The idea of the paradox of intention is simple – you reach a goal by giving up the attempt to reach it. Initially this sounds illogical; after all we are brought up to believe that you can only get and achieve if you strive, and it seems to go against common sense too and sounds rather passive. Yet a number of mystics from different religions have advocated this as a way to find fulfilment in life; experience of God comes when received as a gift and it disappears when we try to grasp onto the experience and hold it for our self. A number of accounts in the Gospels confirm that Jesus taught the paradox of intention; speaking about the flowers of the field and the birds:
‘And do not seek what you are to eat and what you are to drink, nor be of anxious mind. For all the nations of the world seek these things; and your Father knows that you need them. Instead seek his kingdom, and these things shall be yours as well’ (Luke 12: 28-31)
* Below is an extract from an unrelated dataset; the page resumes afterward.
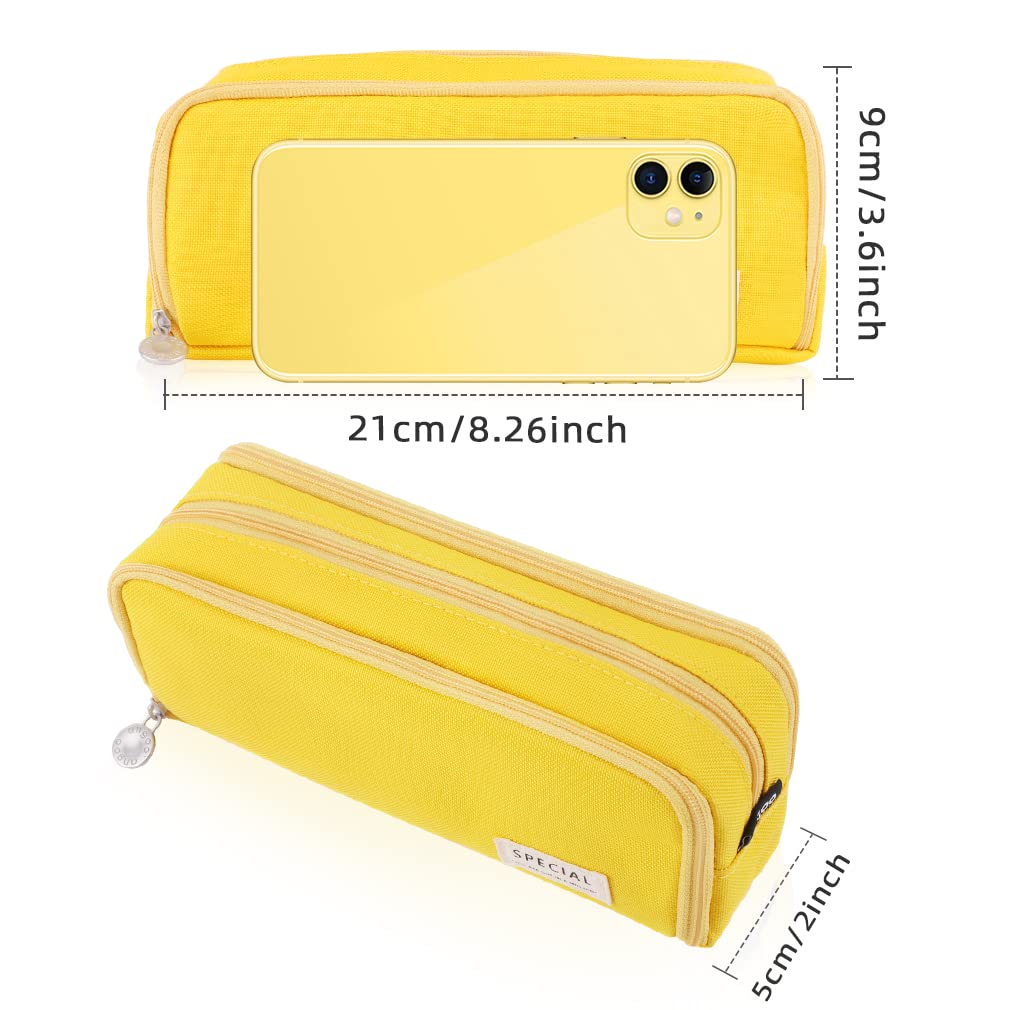 iSuperb Large Pencil Case 3 Compartments Pencil Pouch Big Capacity Pencil Bag for Kids Teen Girls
The more we struggle for security the less this can be attained; so here we have letting go of self-concern where the kingdom of God is the reverse of what the world rationally sees as ‘the way forward’: ‘Whoever exalts themselves will be humbled, and whoever humbles themselves will be exalted’ (Matthew 23: 12).
The message is that if we abandon our concern for security then another kind of security arises. Contemporary culture does not agree, indeed our current system only works on the basis of what Martin Shaw calls ‘the ethic of attainment’ where the good of human life, like any other goal is the outcome of human striving. He contrasts this with what can be called ‘the ethic of consolation’ which only begins with the despairing of all our attempts to achieve the good; this is ‘the law of the reversal of effort’ in other words the good of human life happens not through the direct and active attempt to achieve it, but rather by giving up the attempt to achieve it. Alan Watts writing in The Wisdom of Insecurity in 1951 puts it like this:
‘I have always been fascinated by the law of reversed effort. Sometimes I call it ‘the backward law’. When you try to stay on the surface of the water, you sink; but when you try to sink you float. When you hold your breath you lose it – which immediately calls to mind an ancient and much neglected saying, “Whosoever would save their soul shall lose it.”’
The state of acceptance, trust, openness, a way of being at home in the universe – connected to all other life forms – this just doesn’t happen by effort. ‘The pond cannot be forced to be still but becomes still of its own accord when efforts cease’. Once again we are back at being and not doing – not passive and inert but open and receptive to what might come our way.